Leukaemia is a problem because it will crowd everything in your bone marrow and
this means that the bone marrow cannot do its normal job of creating all the red and
white cells that we need to be healthy. Once you have even more, you end up
damaging other organs aswell, this is because the cells have to go somewhere.
Replacement of normal bone marrow by leukaemic cells and accumulation in
peripheral blood causing bone marrow failure (too few erythrocytes, neutrophils,
platelets) and infiltration of organs such as liver, spleen ect.
Symptoms of leukaemia.
Widespread and hard to diagnose.
Diagnosis does not come from symptoms but from blood smears.
If there are lots of undifferentiated cells this highlights that there is a problem.
To many monocytes or too many undifferentiated monocytes.
Chronic myeloid leukaemia.
CML predominantly affects the myeloid lineage and the erythroid lineage not the
lymphoid.
So, it does not really seem to affect T and B cells, and this is not very clear why.
Myeloid cells include neutrophils, eosinophils, basophils, megakaryocytes (from
which platelets are derived) and monocytes.
Typically, there is an excess of monocytes that we see in these patients.

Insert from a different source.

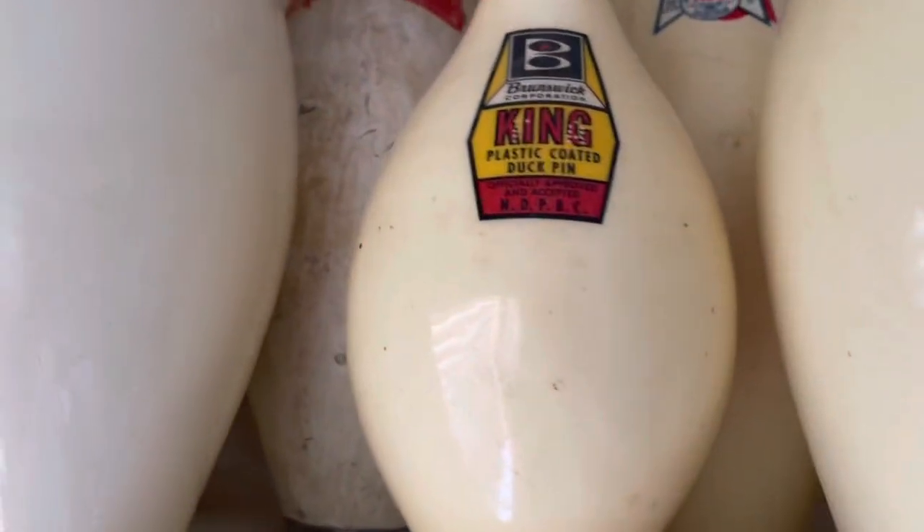So there we go — there's duck pins, which we have not ever talked about before. Thank you for talking about duck pins today. Not a problem — see you on the next one.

Myeloid lineage expands in CML.
Neutrophils.
Basophils.
Eosinophils
There is an expansion of these lineages.
Clinical features of CML.
Incidence: 1 :1000,000
The known risk factors are ionising radiation.
There are 3 phases:
1. Chronic phase: this can last 4-5 years, and these patients are asymptomatic. And if
they are detected it is because they have had a blood test for some other reason.
Expansion of myeloid compartment but cells differentiate normally.

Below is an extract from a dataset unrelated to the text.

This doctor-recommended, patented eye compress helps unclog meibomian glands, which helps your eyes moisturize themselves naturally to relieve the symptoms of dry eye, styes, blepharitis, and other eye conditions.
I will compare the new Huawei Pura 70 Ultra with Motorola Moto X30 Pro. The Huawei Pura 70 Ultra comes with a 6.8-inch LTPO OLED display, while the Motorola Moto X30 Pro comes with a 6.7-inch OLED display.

, 2. Accelerated phase: this can last for weeks or years: more immature cells are in the
blood.
3. Blast crisis: this can also last weeks to months and this is where immature cells will
dominate and they will take up more than 30% of the cells in the bone marrow or
the blood.
The mutations that you see as the disease progresses means that you accumulate
mutations, and it gets progressively harder to treat.
The role of Bcr-Abl in CML.
Molecular origin of CML.
CML results from a reciprocal translocation between chromosome 22 and
chromosome 9, this creates a short chromosome called the Philadelphia
chromosome.
As a result of this we generate a novel chimeric protein called, Bcr-Abl.
Novel means that it is not normally there, it is generated just because of the disease.
Chimeric means that it has come from 2 different genes that have been put together.
Bcr-Abl is a constitutively active tyrosine kinase. This means that it is on all the time.
BCR (break point cluster region) and the function of it is unknown.
ABL (oncogene; it is a cytoplasmic tyrosine kinase)
The translocation responsible for Bcr-Abl
There is a reciprocal translocation material from chromosome 22 goes to
chromosome 9 and vice versa.
This creates a short chromosome, which ca be easily seen under a microscope.
Bcr-Abl is a fusion protein
In Abl there is a breakpoint on chromosome 9.
In chromosome 22 the break will be in the gene bcr and it can break in multiple
places, all within the BCR gene.
We get chromosome 22 fused to chromosome 9, this then makes a protein that is
hybrid.
It has some of the exons from Bcr and some from Abl and together, they make a new
protein that shouldn’t even exist.
We have an exon intron structure to our gene, this makes these combinations and
recombination’s easy to do.
Because you can break things from the intron and bring in exons from another gene,
as long as you maintain the reading frame.
Different breakpoints in Bcr give rise to protein fusions of different lengths.
NLS lets Abl go into the nucleus, it consists of a DNA bidnign domain and an actin
binding domain.
Bcr, which is the breakpoint region, has a dimerization domain, it has an SH2 binding
domain.
The dimerization domain is key.
The different cancers pick up different amounts of Bcr, but what they have in
common is that they all pick up the dimerization domain.